La chronique “ciné” d’El Cojano, alias Le Cojean (eh oui, comme la chaîne de resto…rants ! )
The Monuments Men, et l’art dans tout ça ?
L’art et la guerre : tels sont les deux thèmes principaux de The Monuments Men, le dernier film de George Clonney. Deux thèmes propices aux sensations, pour l’un ; et aux émotions, pour l’autre. Or face à l’écran, on ne ressent qu’amusement et agacement.
Le film amuse parce que loin de traiter d’art, il s’articule en réalité comme une petite comédie naïve. Le scénario enchaîne boutades, piques et autres blagounettes entre les protagonistes sans réellement creuser son sujet, à savoir retrouver et restituer les chefs-d’œuvre volés par les Nazis pendant la Seconde Guerre Mondiale. Si l’escouade (la vraie) envoyée par le général Eisenhower en 1944, était composée de conservateurs, d’artistes, d’architectes et d’historiens de l’art, celle reconstituée par George Clooney est un groupe de vieux copains qui voulaient faire un film ensemble pour se marrer. Un prétexte qui nuit énormément au scénario.
Bien sûr, les œuvres d’art survivent en toile de fond, parmi lesquelles la Madone de Bruges de Michel Ange, et le Retable de Gand de Jan Van Eyck. Deux œuvres que les héros recherchent on ne sait pas vraiment comment à travers les campagnes belges et allemandes. C’est bien là son problème : le film n’aborde presque jamais les difficultés liées à la recherche d’objets volés. À la place, il s’étale sur les personnages et leurs relations. À tel point qu’au moment où, après des mois de galère (on le suppose), l’enquête est résolue, les scènes ne sont pas émouvantes, mais drôles, parce que Bill Murray lance une pique à son compère.

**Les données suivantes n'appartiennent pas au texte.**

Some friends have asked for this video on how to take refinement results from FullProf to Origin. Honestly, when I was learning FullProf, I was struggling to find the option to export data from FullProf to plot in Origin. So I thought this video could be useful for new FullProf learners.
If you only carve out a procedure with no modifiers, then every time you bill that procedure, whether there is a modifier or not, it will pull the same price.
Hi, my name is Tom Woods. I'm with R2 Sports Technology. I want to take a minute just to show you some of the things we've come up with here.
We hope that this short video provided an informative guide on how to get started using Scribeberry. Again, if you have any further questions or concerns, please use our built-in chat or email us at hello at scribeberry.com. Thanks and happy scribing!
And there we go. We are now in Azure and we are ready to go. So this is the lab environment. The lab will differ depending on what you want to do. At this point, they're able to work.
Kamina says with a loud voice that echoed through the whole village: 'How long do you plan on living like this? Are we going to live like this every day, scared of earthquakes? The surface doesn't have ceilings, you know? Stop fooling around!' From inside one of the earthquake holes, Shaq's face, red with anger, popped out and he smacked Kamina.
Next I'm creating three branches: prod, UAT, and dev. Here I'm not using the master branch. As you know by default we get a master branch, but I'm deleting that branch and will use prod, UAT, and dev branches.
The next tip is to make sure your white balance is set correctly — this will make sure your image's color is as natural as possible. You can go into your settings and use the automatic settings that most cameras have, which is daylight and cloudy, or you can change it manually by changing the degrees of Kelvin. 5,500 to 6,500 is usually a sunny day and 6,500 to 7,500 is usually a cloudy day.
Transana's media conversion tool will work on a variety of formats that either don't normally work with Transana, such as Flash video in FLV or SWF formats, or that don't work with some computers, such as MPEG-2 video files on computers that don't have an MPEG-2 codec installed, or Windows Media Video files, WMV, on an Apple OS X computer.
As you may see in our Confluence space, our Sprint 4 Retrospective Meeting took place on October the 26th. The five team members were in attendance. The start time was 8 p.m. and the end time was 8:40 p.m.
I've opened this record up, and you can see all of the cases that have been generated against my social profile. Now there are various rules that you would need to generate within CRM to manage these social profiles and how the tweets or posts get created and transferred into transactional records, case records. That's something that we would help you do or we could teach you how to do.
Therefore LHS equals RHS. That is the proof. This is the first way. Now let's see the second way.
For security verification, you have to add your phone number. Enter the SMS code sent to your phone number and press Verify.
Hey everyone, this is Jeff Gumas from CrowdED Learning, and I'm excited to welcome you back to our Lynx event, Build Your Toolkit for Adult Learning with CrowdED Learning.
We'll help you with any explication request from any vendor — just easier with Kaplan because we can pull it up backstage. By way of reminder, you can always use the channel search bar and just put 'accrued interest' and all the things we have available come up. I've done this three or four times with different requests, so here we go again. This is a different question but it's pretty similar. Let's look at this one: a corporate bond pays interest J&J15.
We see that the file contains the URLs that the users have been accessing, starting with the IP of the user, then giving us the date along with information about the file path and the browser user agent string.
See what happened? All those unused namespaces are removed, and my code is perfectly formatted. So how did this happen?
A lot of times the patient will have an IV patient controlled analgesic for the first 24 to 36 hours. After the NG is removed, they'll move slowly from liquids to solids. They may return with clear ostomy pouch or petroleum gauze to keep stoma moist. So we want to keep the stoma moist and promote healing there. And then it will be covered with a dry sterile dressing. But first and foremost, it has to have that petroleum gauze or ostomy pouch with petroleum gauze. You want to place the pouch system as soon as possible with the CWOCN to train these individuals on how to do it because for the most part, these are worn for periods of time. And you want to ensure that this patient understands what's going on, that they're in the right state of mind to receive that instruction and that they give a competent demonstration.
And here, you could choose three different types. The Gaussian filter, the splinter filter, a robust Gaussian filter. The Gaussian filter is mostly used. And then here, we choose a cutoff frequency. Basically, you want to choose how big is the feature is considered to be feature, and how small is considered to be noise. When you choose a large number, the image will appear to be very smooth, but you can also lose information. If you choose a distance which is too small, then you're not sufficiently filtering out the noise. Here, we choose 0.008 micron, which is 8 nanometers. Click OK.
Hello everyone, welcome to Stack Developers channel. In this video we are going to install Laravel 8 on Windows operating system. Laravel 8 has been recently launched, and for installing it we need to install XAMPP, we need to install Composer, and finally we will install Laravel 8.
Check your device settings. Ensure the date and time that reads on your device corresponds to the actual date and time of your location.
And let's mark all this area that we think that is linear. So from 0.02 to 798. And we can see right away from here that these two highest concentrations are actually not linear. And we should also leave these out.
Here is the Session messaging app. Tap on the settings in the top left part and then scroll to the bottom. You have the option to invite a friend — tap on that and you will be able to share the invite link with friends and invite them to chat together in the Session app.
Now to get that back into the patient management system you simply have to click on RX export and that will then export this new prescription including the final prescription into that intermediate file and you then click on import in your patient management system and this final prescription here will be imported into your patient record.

Jan Van Eyck, Le Retable de Gand ou L’Adoration de l’Agneau mystique, 1432
Le film agace par son patriotisme et ses bons sentiments. Il agace par ses incessantes et irritantes voix off et lectures de lettres d’adieu bercées par une musique digne d’un mauvais épisode de Dora l’Exploratrice. Il agace par le personnage de Cate Blanchett, une résistance française, qui parle français avec un accent américain, et anglais avec un accent allemand. Il agace par ce drapeau américain qui vient berner les Russes arrivés trop tard pour récupérer les derniers tableaux. Pis, il agace par son inexactitude car si les Américains ont en effet recherché les œuvres ravies par les Nazis, ils n’avaient pas réellement l’intention de toutes les rendre à leurs propriétaires, et des dizaines de milliers manquent encore à l’appel aujourd’hui.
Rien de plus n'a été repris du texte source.